Tillery notes that the notion of states’ rights was often used to justify the maintenance of slavery in southern states.

“People like (Charles) Pinckney (a Founding Father and slaveholder) in South Carolina, they argued that they had a right to develop their state on a slavery basis in the way that New York and Connecticut and Massachusetts had done,” said Tillery. “So the beginning, the entire history of the country, is bound up with this notion of states having the right to own and abuse Black people, but also Indigenous people as well.”

Joe Morris, partner at the law firm Morris and De La Rosa and the chairman of the board at the free-market think tank the Heartland Institute, notes that the doctrine of states’ rights has at times “been in bad odor in both the 20th and 19th Century.”

Morris said that in the 20th-century states’ rights often became seen as one of the main vehicles by which southern states sought to put the brakes on the “civil rights revolution.”

But he noted that in the 19th century, prior to the Civil War, the notion of states’ rights had also been deployed by free states to resist enforcing fugitive slave laws.

“There were lots of states, free states that did not want to impose slave laws,” said Morris. “That did not recognize the property rights as an individual right claimed by slaveholders in slave states and were resisting the federal government’s imposition of the legal duties to return fugitive slaves.”

According to Morris, the rights of individuals are better protected by the states rather than the federal government.

“It’s a conceit of the 20th century that’s just wrong that the federal government is the overarching protector of everybody’s civil rights,” said Morris.  “We must look to the states in the first instance to define and protect civil rights. And if we do that, I think we are, we are safer, and our rights are more secure.”

Harold Krent, professor of law at Chicago-Kent College of Law at Illinois Tech and previously the longtime dean of the law school, says that the notion of states’ rights “is really another name for federalism, which is our basic structure of government which allocates some power to the states and some power to the federal government.”

Krent says it is inherently neither liberal nor conservative and is based on “the idea of having a check and balance and making sure that all power is not devolved in one entity. So it can be used for good and for bad reasons.”
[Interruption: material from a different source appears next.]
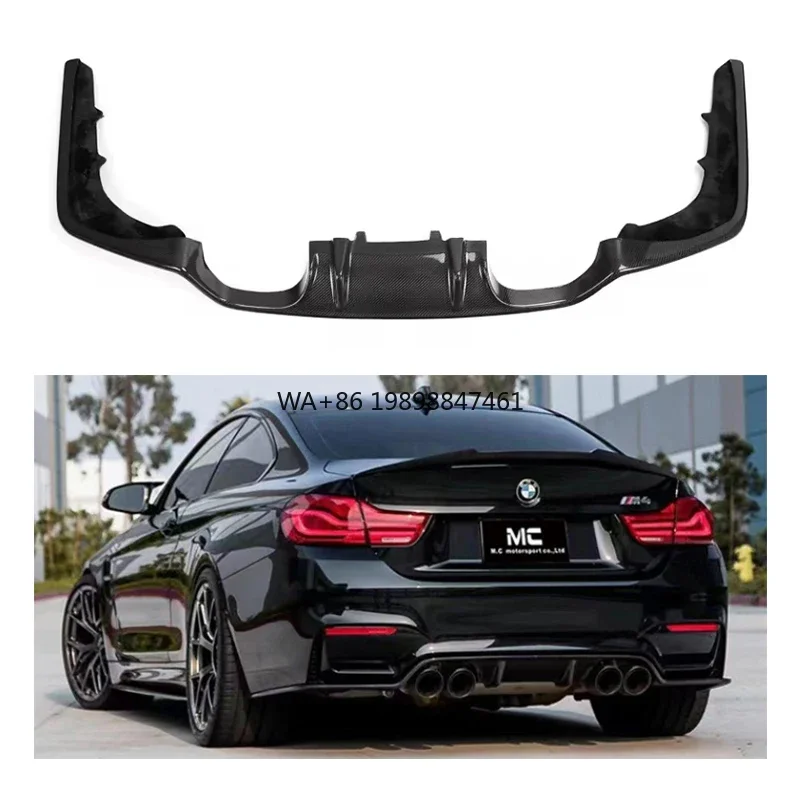 

Dry Carbon Fiber Rear Bumper Lip Diffuser Spoiler Splitter for BMW F80 M3 F82 F83 M4 2014-2020 3d Style Back Bumper Lip
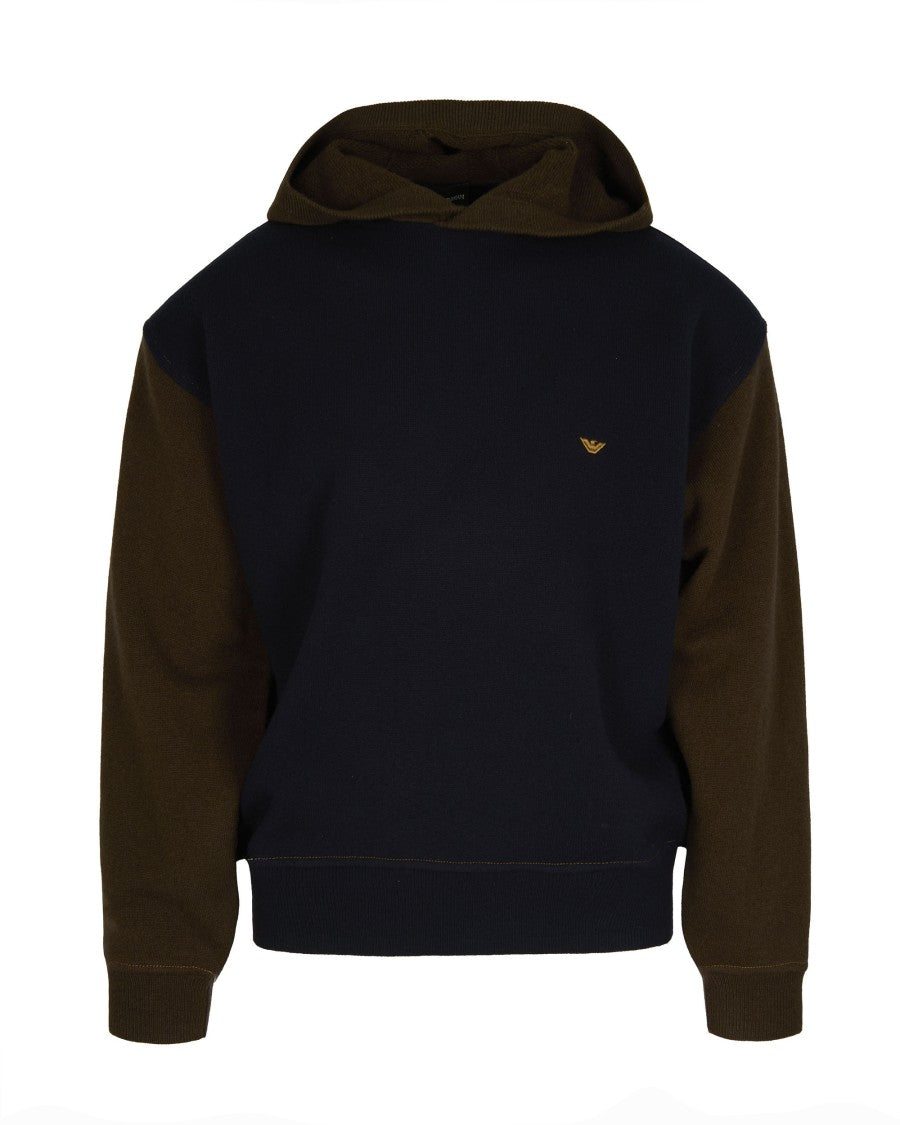 Emporio Armani Colorblock Wool Hoodie With Ribbed Details And Eagle Embroidery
Following the Supreme Court’s Dobbs decision that overturned Roe v. Wade and 50 years of precedent that had established a federal right to abortion, the court has indicated that in its next term it will consider a South Carolina case involving the so-called independent state legislature theory.
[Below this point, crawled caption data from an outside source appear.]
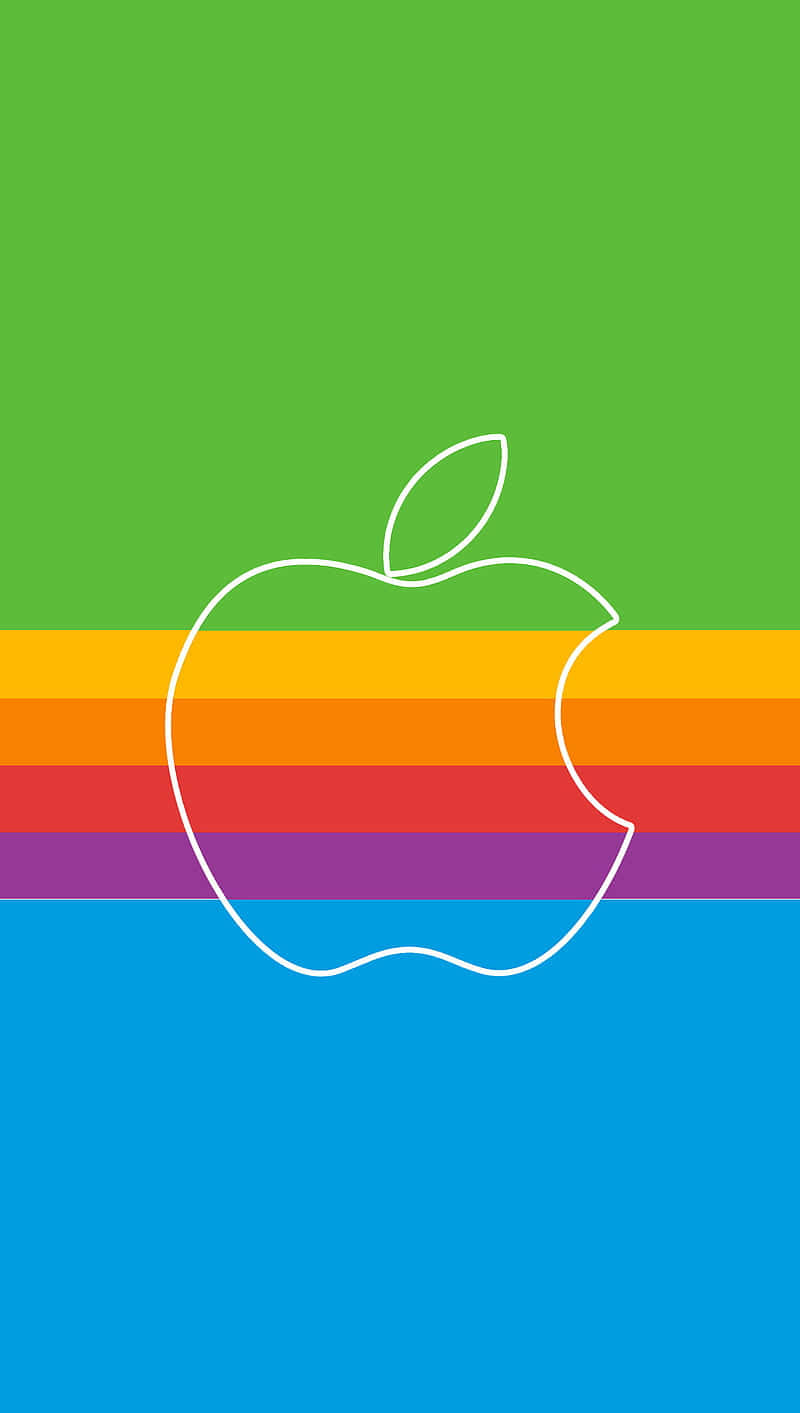 Retro Apple Logo, white outline, apple logo, HD Phone Wallpaper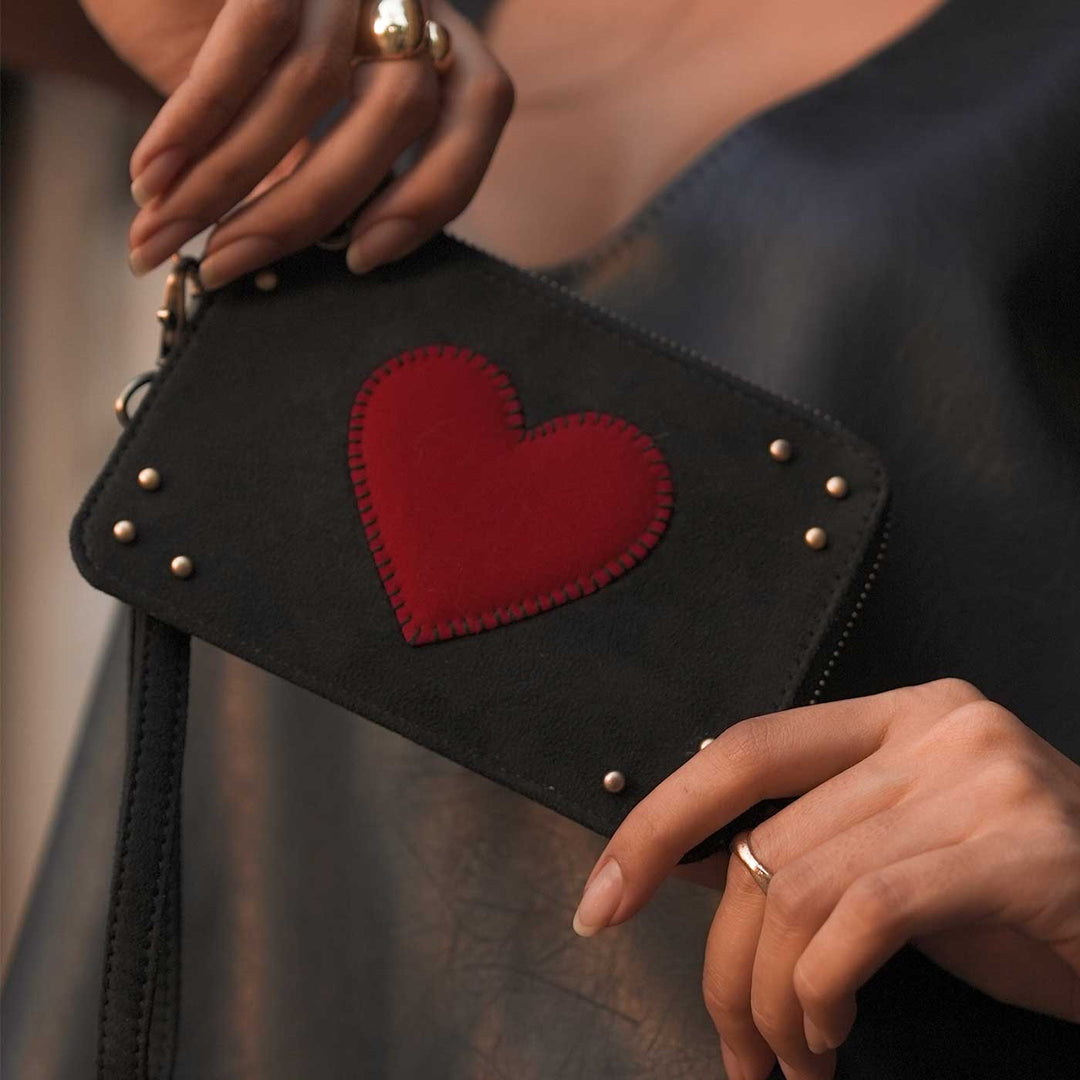Black Big Little Heart Wristlet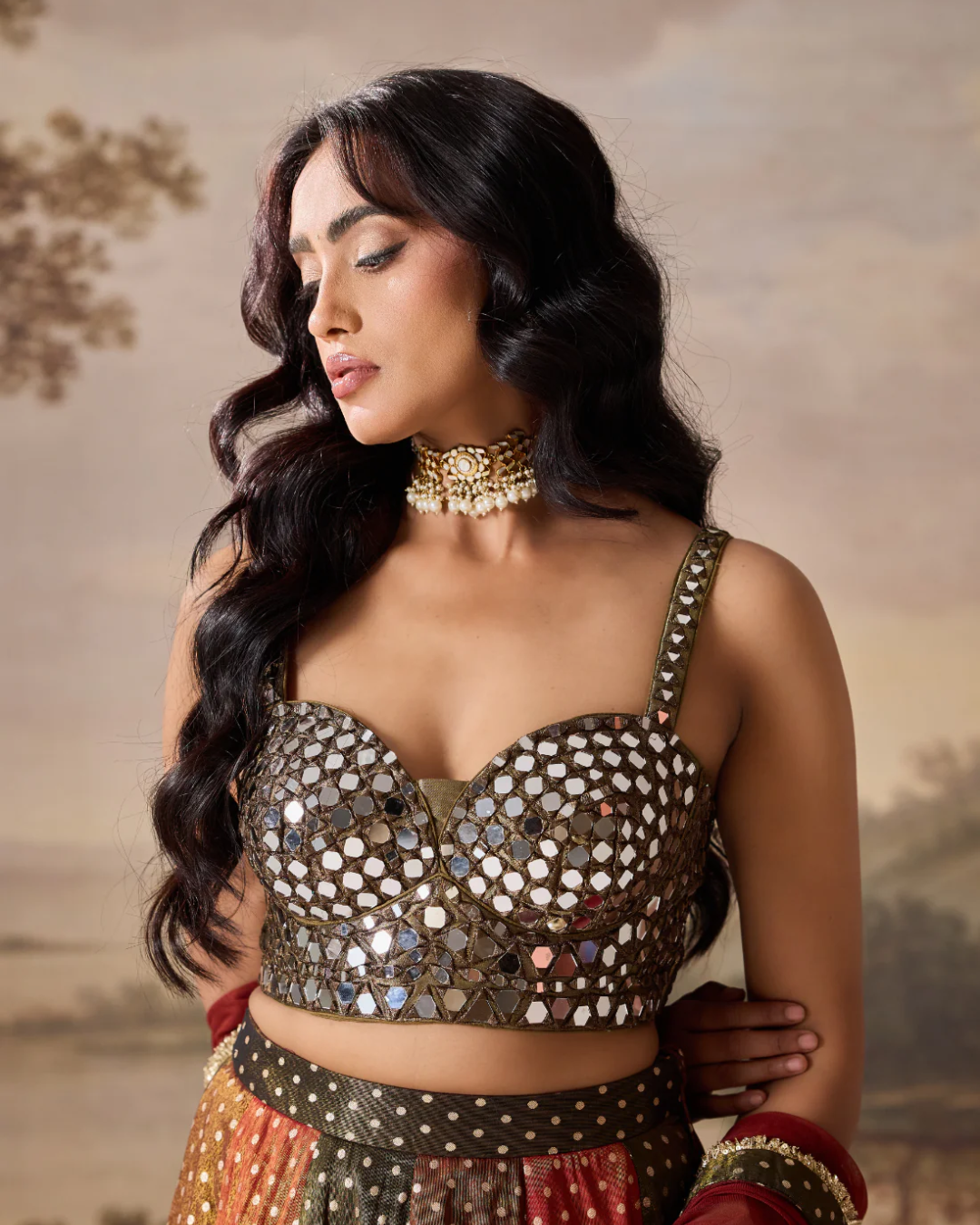 Deepika Chadha - Olive green emb blouse and cosmos multipanel lehnga set From Heer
Long considered a fringe legal theory, if the court decides in favor of North Carolina Republicans it would give state legislatures broad authority to gerrymander electoral maps and pass voter suppression laws.

According to Krent, the case does not put forth a “coherent theory of federalism that I’m aware of.”
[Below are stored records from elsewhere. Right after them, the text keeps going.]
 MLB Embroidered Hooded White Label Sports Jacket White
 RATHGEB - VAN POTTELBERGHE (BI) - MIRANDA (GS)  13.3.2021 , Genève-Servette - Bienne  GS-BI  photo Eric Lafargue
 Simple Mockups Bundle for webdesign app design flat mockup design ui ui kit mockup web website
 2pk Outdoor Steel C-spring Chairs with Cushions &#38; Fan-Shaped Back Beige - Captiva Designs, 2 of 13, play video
“So, these are subjective value judgments that we wish didn’t happen, but they do happen at the halls of the highest court,” said Krent.  “And the highest court is taking us in a very rightward direction. And the question is where they’re going to stop?”

Tillery called the conservatives on the court “neo-Confederates.”

“It’s very clear that they’re trying to return power to the states to disadvantage marginalized groups,” said Tillery.  “Because in their interpretation, the federal government should not have the power to protect these vulnerable populations.”